For some, preaching is the “family business.”  There are families with multiple generations who have sensed and answered a call to ministry.  My family isn’t one of those, but I have a colleague whose father was also a pastor, and he had this policy:  If he used a story about his kids as a sermon illustration, he’d pay them $25.  Easier than allowance money for sure, but the arrangement had its purpose: to make their father think twice before using his kids as subject matter for sermons.

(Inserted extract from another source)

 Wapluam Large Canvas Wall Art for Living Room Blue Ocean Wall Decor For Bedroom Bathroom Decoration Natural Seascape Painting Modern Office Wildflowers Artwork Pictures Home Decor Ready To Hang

It was his way of creating accountability to both his kids and his congregation; considering the privacy of the former and the sensibilities of the latter.  He wanted his kids to know that he valued their stories and wasn’t in the business of using them indiscriminately, and he didn’t want his congregation to feel like his sermons were a family scrapbook.

There are a variety of ways for our family stories to be told.  Maybe not a Sunday morning sermon, but there are these:  family reunions, weddings, funerals, the dinner table, the coffee shop, anywhere where two or three grandparents are gathered, and, today, this thing we call the Internet; more specifically, social media.

Sometimes, if we have a particularly ambitious member of the family, we might even have our family stories across generations complied in the form of a genealogy.

I’ve been hesitant to use the metaphor of family to describe congregational life, given the complicated dynamics of family life for many and the church’s calling to be community that transcends even family ties, as Jesus wasn’t shy about teaching.  And yet the metaphor of family does have some value.  I’d consider the history of Heart of the Rockies that Jeff just compiled and published a “family story” in the best sense – and much in the same sense we read family stories in scripture – a collection of correspondence, genealogy, and significant milestones that when stitched together create a powerful narrative.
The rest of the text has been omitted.